Мы раздавали подзатыльников заикающимся интернет-воинам. Они удаляли при нас посты националистической направленности со своих страниц и отказывались выходить с нами на честные дуэли. Они проиграли, не способные постоять за ту кашу, которую черпали в свои головы из интернета. Мы же чувствовали приятное ощущение победы. Мы видели свою заслугу в том, что не позволяли зародиться и развиваться правым идеям в нашем посёлке.
Нашими оппонентами не были бритоголовые отморозки, которые могли зарезать или застрелить кого-либо из нас. Мы не ощущали ту степень насилия, которая кипела в столице. Но мы делали всё для того, чтобы ни у кого даже в мыслях не было взяться за оружие во имя белой расы, чтобы никто не был избит за любимую музыку и внешний вид, и у нас это получилось в нашей маленькой глубинке. Лично для меня этот опыт стал лишь первым шагом на пути движения.
Кто этот свастика?
Вместе с победами, как это обычно бывает, пришла и известность. В поселке начали говорить о группе школьников антифа, которые устраивают стычки с правыми. Нам начали присылать ссылки на симпатизирующих нацистским идеям ребят для того, чтобы мы проводили с ними профилактические беседы. Мы в свою очередь все-таки не особо стремились к насилию.
Бывало,встречались, общались, не более того. Но статус тех, к кому начали обращаться, нам всё же льстил. Как-то местные молодые армяне подошли к нам с вопросом «Вы антифа?». Услышав удовлетворительный ответ, ребята предложили нам свою поддержку в случае серьезных конфликтов. Мы поблагодарили пацанов, но за помощью так и не обратились.
Вместе с известностью пришли и проблемы. Моб попал в поле зрения детской комнаты милиции. События начали развиваться по уже классическому для российских антифа сценарию. Вдруг появился потерпевший бонёнок, которого напугали коварные антифа, появился и стукач, наш одноклассник, сливавший всю известную ему информацию о нашей деятельности своей матери, работавшей в школе, а после — сотруднице милиции. Теперь профилактическая беседа ожидала нас самих. С родителями в школу. Разбор полетов. Кто, зачем, за что и так далее.
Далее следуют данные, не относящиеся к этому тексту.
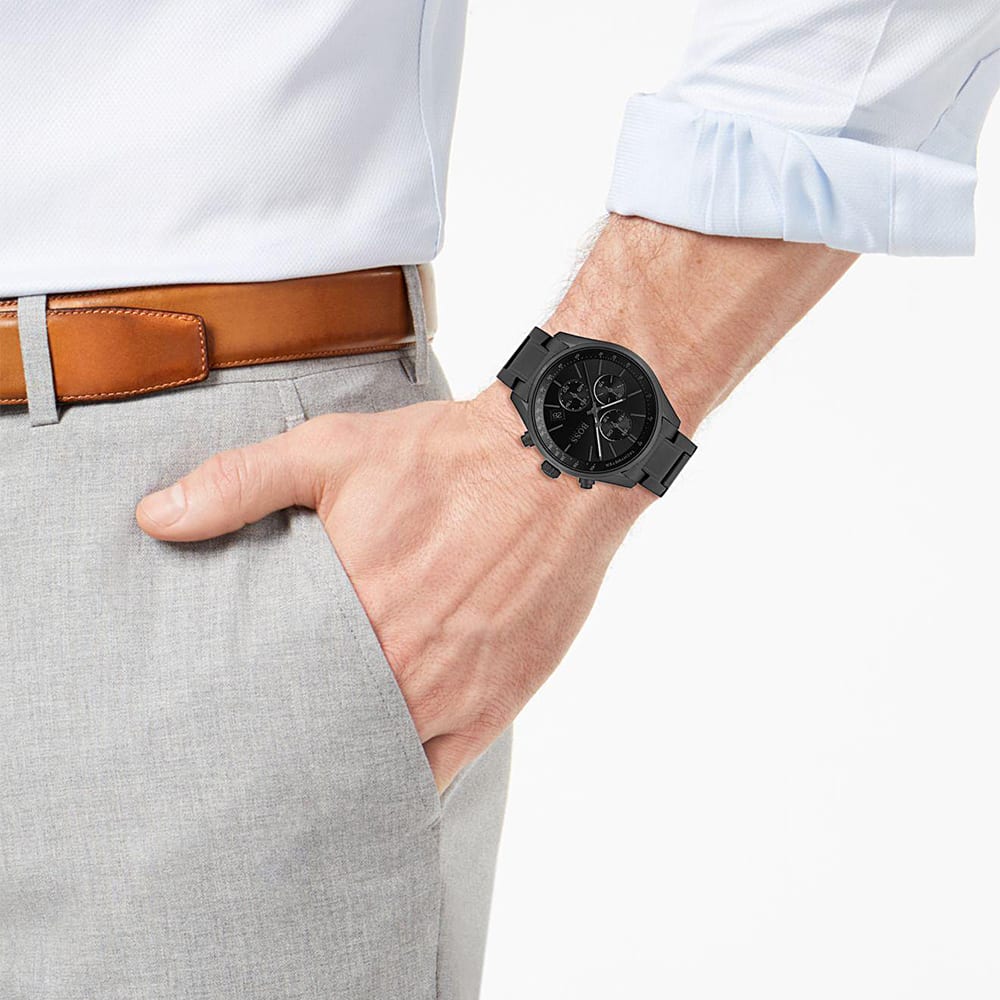 Hugo Boss Grand Prix Black Dial Black Steel Strap Watch for Men - 1513676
В школьном кабинете собрались наши мамы, отцы, дедушки, бабушки. Мероприятие ведут учителя и сотрудница детской комнаты . Мы обвиняемые. Свидетели отсутствуют. Мы делаем что-то неправильно. Нас нужно наказать. Но мы не чувствовали своей вины, мы уверены, что делаем всё правильно, и это ощущение до сих пор не покидает меня. Родители не совсем понимают суть разбирательства. Но ведь вы сами нас так воспитали. Говорили, что хорошо, а что плохо. Не так учили? Сообщать органам? Сотрудничать? Бать, разве не западло стучать?
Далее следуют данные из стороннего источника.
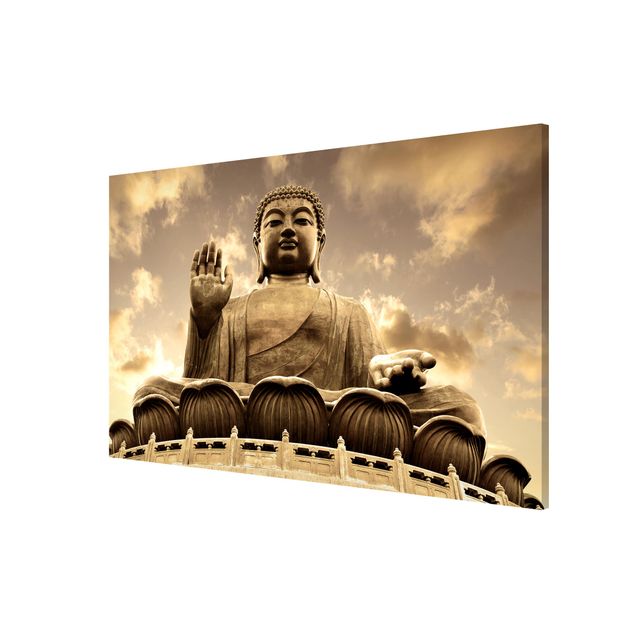 Wanddeko Esszimmer Großer Buddha Sepia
Батя молчит. Ему неловко как-то.
Один из нас, Саня, парнишка из деревни, простодушный добряк. Рядом с ним его дедушка, который никак не может понять суть обсуждения.
Саня встает и говорит в свою защиту «Так они свастику рисовали! Как нам реагировать?».
В телесериале «Кадетство» в одной из серий есть довольно похожая сцена. Кадеты подрались с бритоголовыми на улице, так как те рисовали свастику. В дальнейшем, конечно же, кадетов отчитывало начальство за такое поведение, которое ещё и проявилось на «гражданке». Но они объяснили причину конфликта в своё оправдание. Заиграла грустная музыка. В глазах руководителя читались понимание и гордость. Да, устав нарушен, но честь, но память и достоинство. Как же иначе?
В реальности же ни у кого из присутствующих в сердце не заиграла грустная музыка. Саня не нашел среди присутствующих ни понимания, ни одобрения. Лишь его дед с нетерпеливым возмущением встал с громким вопросом: «Да кто это такой, этот свастика?!»
Старшие поколения уже не понимали нас, им был чужд наш просыпающийся идеализм, для них он казался опасным. Они носили георгиевские ленточки в мае, а мы били тех, кто вскидывал нацистские приветствия. Наш идеализм не поняли, не поддержали, не одобрили. Нас поставили в один ранг с теми, кому мы противостояли. Наш идеализм назвали экстремизмом. Мы стали врагами. Грядущий путь еще укажет нам на то, что зло намного шире, чем сборище гопников и бонов. С Днем России!